Tes Alih Status Pegawai KPK Dinilai Seksis dan Diskriminatif

Sabtu, 08 Mei 2021 05:46 WIB

Penulis:Amalia

ilustrasi-gedung-kpk.jpg
Ilustri. Gedung KPK. (istimewa)

JAKARTA, WongKito.co - Gerak Perempuan dan Koalisi Masyarakat Sipil Anti Kekerasan Seksual (KOMPAKS) mengecam keras pelaksanaan tes alih status pegawai KPK menjadi Aparatur Sipil Negara (ASN) yang diwarnai beberapa tes dan pertanyaan tidak etis bernuansa seksis, mengandung bias agama, rasisme, dan diskriminatif.

“Gerak Perempuan mencatat dari berbagai sumber berita terdapat beberapa pertanyaan yang tidak relevan dengan tujuan diadakannya tes tersebut,” ungkap Prilly, perwakilan Aliansi Gerak Perempuan KOMPAKS dalam keterangan tertulis.

Diungkapkannya, ada pertanyaan seksis dan bermuatan pelecehan. Pertanyaannya terkait status perkawinan, hasrat seksual, kesediaan menjadi istri kedua, bahkan pertanyaan tentang “kalau pacaran ngapain aja?”. Dalam tes wawancara itu, seorang pegawai KPK ditanya mengenai statusnya yang belum menikah.

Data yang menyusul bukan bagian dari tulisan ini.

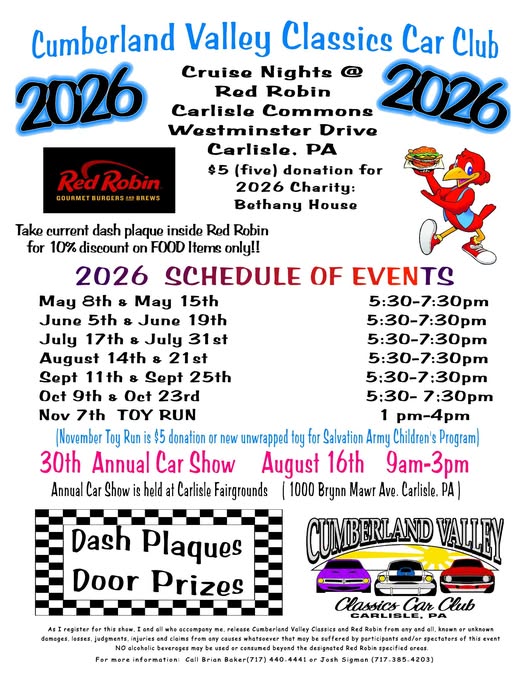 Cumberland Valley Classics Car Club Cruise Nights @ Red Robin event at Red Robin in Carlisle, PA on May 8, 2026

“Dari informasi yang kami dapatkan, salah satu pegawai KPK harus menghabiskan waktu 30 menitnya untuk menjawab pertanyaan seperti ini,” ulasnya.

Pertanyaan-pertanyaan ini, menurut Prilly, tidak ada kaitannya dengan tugas, peran, dan tanggung jawab seorang pegawai KPK dan tidak layak ditanyakan dalam sesi wawancara. Pertanyaan seperti ini adalah pertanyaan yang bernuansa seksis karena didasari oleh anggapan yang menempatkan perempuan sebatas pada fungsi dan peran organ reproduksinya dan sangat menghakimi privasi dari pegawai KPK tersebut.

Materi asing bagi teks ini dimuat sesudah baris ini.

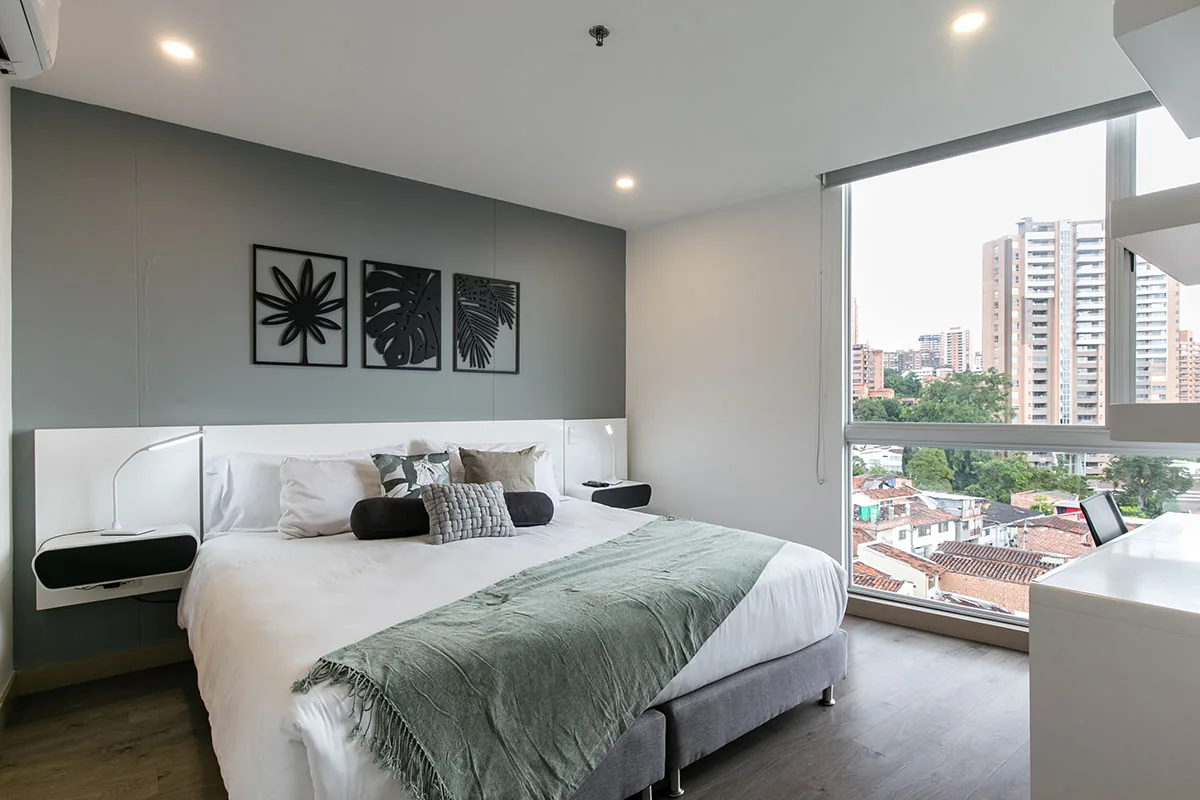 Bedroom with city view in a Classic apartment at Soul Lifestyle Apartments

“Pertanyaan dan pernyataan yang seksis ini juga menunjukkan buruknya perspektif gender dari aparatur negara,” kata dia.

Adapula pertanyaan kehidupan menjalankan ajaran agama atau seputar beragama. Seharusnya, lanjut Prilly, seleksi pekerjaan bersifat profesional dan sebisa mungkin terbebas dari berbagai bias pribadi si pewawancara, salah satunya bias agama. Pertanyaan seperti "Islamnya Islam apa?" dan "Gimana kalau anaknya nikah beda agama?" tidak ada kaitannya dengan tujuan tes maupun pada kinerja dan tanggung jawab kerja.

Dalam sebuah tes, para pegawai KPK juga diminta untuk bersetuju atau tidak terhadap sebuah pernyataan. Muncul pernyataan seperti "Semua orang Cina sama saja" atau "Semua orang Jepang kejam". Sulit membayangkan penilaian yang dilakukan berdasarkan pertanyaan dari tes seperti ini. Apalagi pilihannya hanya dipaksa untuk menjawab sangat setuju, setuju, netral, tidak setuju, atau sangat tidak setuju. Koruptor bisa datang dari semua ras tanpa terkecuali karena orang bertindak korup bukan karena rasnya.

“Melihat dari jenis tes dan pertanyaan yang diberikan dalam tes alih status Pegawai KPK, kami mengkritisi dan mempertanyakan kepentingan dari pelaksanaan tata cara dan tujuan tes peralihan ini. Yang menjadi kekhawatiran utama kami adalah pertanyaan yang menunjukkan kriteria pemilihan ASN sangat tidak etis, seksis, dan diskriminatif terhadap kelompok-kelompok tertentu,” tegas Prilly.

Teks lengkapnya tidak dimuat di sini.